Ever since the esteemed Bluefishwrote the words, “theological books are the best books”, my brain has been ticking over what I think are the best books in the world.
Here’s my own thoughts: The best books in the world (for me?) are those that speak of the reality of who we are as humans, that remind me of what we are doing here, that make me see that others wonder the same as I, that express the questions, the whys and wherefores of living in this messy world. Books that tell stories of what it is like to be human. That wrestle with the question of what any of this world means. Some of these I have found in the world of theology (Mr Eugene Peterson being a classic example) but most outside. The most recent book that is doing that to my brain is: ‘Moondust’ by Andrew Smith.

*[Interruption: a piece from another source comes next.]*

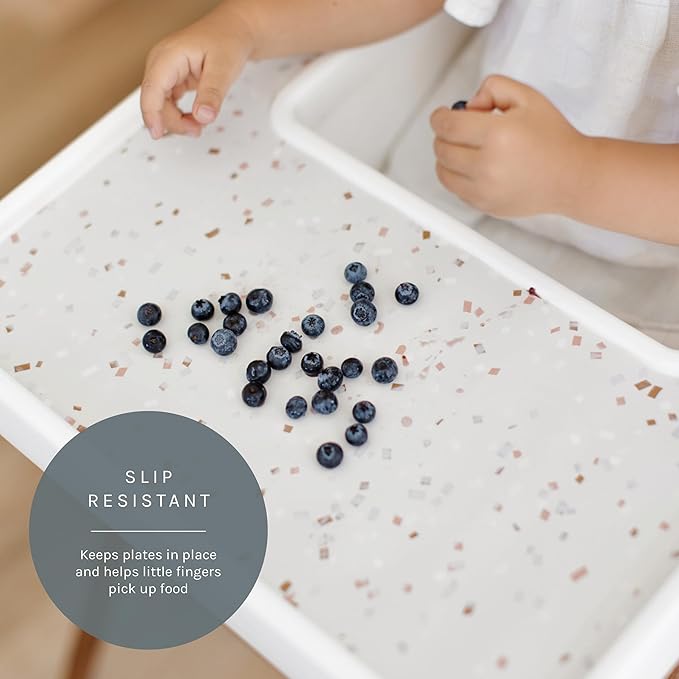 Yeah Baby Goods Placemats Compatible with The IKEA Antilop Highchair (Terrazzo on Milk) - Food-Grade Silicone Highchair Tray Mat – Easy to Clean, High Chair Accessory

It’s a book about the nine people still remaining who have stood on the moon. Think about that for a second and it does your head in, people who have stood on the moon. Look at it out of your window tonight and feel your brain imploding at the thought. It’s written by a guy wondering how you come back to earth after that, how you deal with having seen the bigger picture of Earth from above, and who wonders what it all meant, if anything at all.
There is something about the quest for meaning that connects inside me. Probably because I search for that myself, for some kind of purpose to this world. It’s good to ask that question and it’s good to explore all the other things that define my life, that give it meaning. The good things of this world. Friends, sunshine, the sea, the Lake District, cups of tea, good food, pubs and long conversations. Usually I discover that none of these things make any sense at all without them being shot through with the reality of the Maker. But it’s good to feel the questions without skipping to the end. To discover that the answer is more deeper and real than we could imagine, and to sometimes stand out in the rain with no answers.